Foto: Georgios Kefalas (Keystone)
Die Geschichte von Ihrer Entdeckung durch David Degen und Philipp Kaufmann wurde schon mehrfach erzählt. Schildern Sie doch aus Ihrer Perspektive, wie Sie die erste Kontaktaufnahme des FC Basel erlebt haben.

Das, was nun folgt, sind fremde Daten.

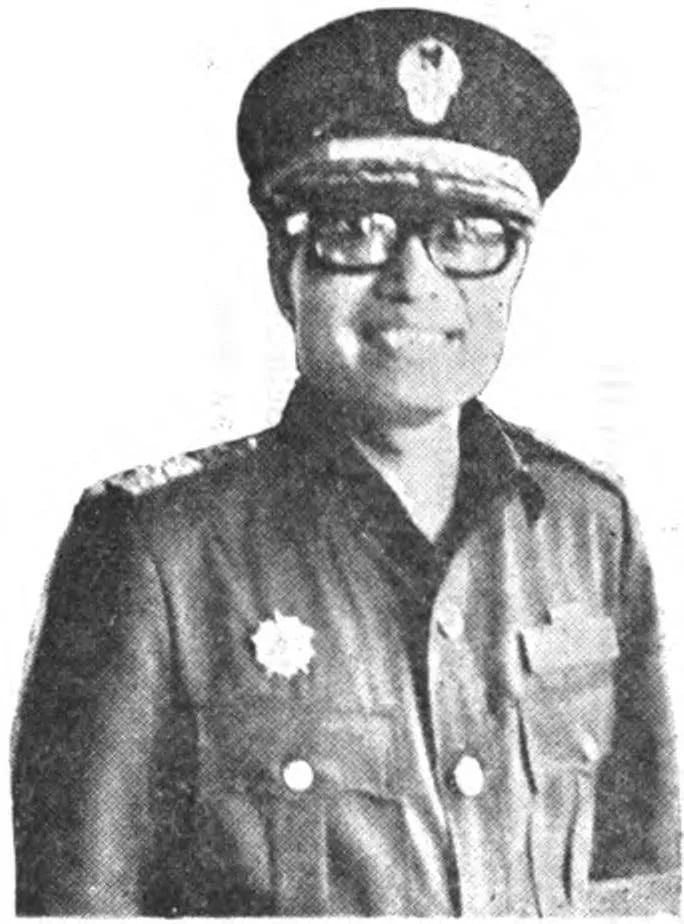 Portrait of A. Thalib (1918–1973) – memorial page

Ich hatte keine Ahnung davon, dass die beiden bereits im Herbst 2021 in Ghana waren. Im Sommer 2023 spielte ich mit der ghanaischen U-Nationalmannschaft ein Turnier in Marseille. Danach machte ich mir meine Gedanken und ahnte, dass wohl etwas von einem europäischen Club kommen könnte. Plötzlich rief mich mein Berater an und sagte mir, man hätte meinen Flug geändert. Anstatt zurück nach Ghana zu fliegen, flog ich nach Basel.
Wie war diese Nachricht für Sie?
Ich war komplett geschockt. Ich hatte vom FCB bereits gehört, wusste beispielsweise, dass sie schon oft in der Champions League gespielt hatten. Aber ich startete sogleich eine Google-Suche. Und ich dachte mir: Wow, das ist ein grosser Club. Ich war so erstarrt, dass ich einfach in meinem Zimmer blieb. So etwas Riesiges hatte ich nicht erwartet.
Was wussten Sie damals schon über den FC Basel?
Ich habe mir ein paar Spiele auf Youtube angesehen, und in einem davon erzielte Taulant Xhaka gegen YB ein Traumtor. Das war der Moment, an dem ich erfuhr, dass Granit Xhaka einen älteren Bruder hat. Ich habe sofort einem Freund geschrieben und ihm erzählt, dass ich mit einem Xhaka zusammen spielen werde.
Wie erlebten Sie die ersten Tage in Basel?
Wir mussten gleich nach meiner Ankunft an den Tegernsee aufbrechen, daher habe ich vorerst nicht viel von der Stadt und vom Trainingsgelände beim Joggeli gesehen. Ich habe mich sehr gefreut, aber es war auch mit ein wenig Angst verbunden. Gerade wenn man die grossen Spieler sieht. Aber sie waren alle sehr offen und haben mich unterstützt.
Wie sieht es aus mit Deutschstunden?
Als ich kam, nahm ich einige Stunden. Mittlerweile hat sich das aber aufgelöst. Aber ich lerne von meinen Mitspielern und kann mich einigermassen verständigen. Ich habe schon Fortschritte gemacht.
Bestellen Sie in der Stadt auf Deutsch?
Ich gehe ja kaum in die Stadt. Aber ja, dann versuche ich, auf Deutsch zu bestellen. Ich habe aber Respekt davor, dass ich mich im Ton vergreife.
Obwohl Sie kaum in die Stadt gehen, hat man Sie doch an der Fasnacht gesehen.
Das war tatsächlich eines der wenigen Male, dass ich da war. Ich hatte Probleme mit meiner Kreditkarte und hatte deshalb einen Termin auf der Bank. Und als ich die Leute und den Cortège sah, konnte ich nicht anders, als stehen zu bleiben und mir das Ganze einen Moment lang anzusehen. Und wissen Sie, was?
Nein.
Das war das allererste Mal, dass ich in der Stadt war!